Records shown
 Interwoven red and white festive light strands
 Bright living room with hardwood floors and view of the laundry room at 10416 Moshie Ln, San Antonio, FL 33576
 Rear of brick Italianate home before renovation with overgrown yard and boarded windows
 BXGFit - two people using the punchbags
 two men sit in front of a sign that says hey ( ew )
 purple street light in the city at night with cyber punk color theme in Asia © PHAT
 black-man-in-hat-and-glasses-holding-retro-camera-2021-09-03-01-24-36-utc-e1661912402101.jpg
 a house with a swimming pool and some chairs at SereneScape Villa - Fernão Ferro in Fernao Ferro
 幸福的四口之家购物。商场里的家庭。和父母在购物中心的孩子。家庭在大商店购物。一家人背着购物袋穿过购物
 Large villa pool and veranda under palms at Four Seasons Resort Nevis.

* * *

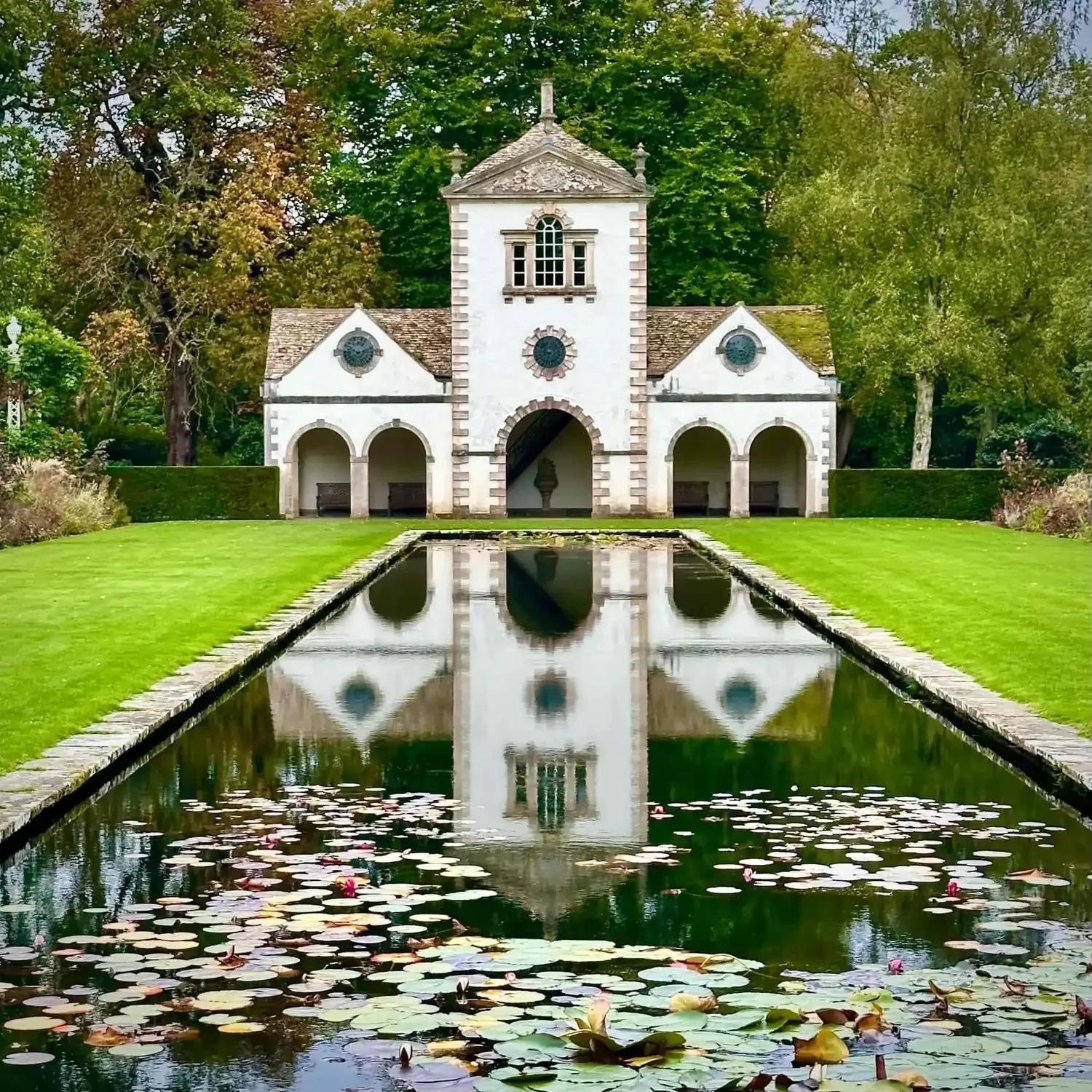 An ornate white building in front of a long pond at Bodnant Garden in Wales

Work to complete
In the entries above, find each line containing the string "pool" and copy it.

Solution
 a house with a swimming pool and some chairs at SereneScape Villa - Fernão Ferro in Fernao Ferro
 Large villa pool and veranda under palms at Four Seasons Resort Nevis.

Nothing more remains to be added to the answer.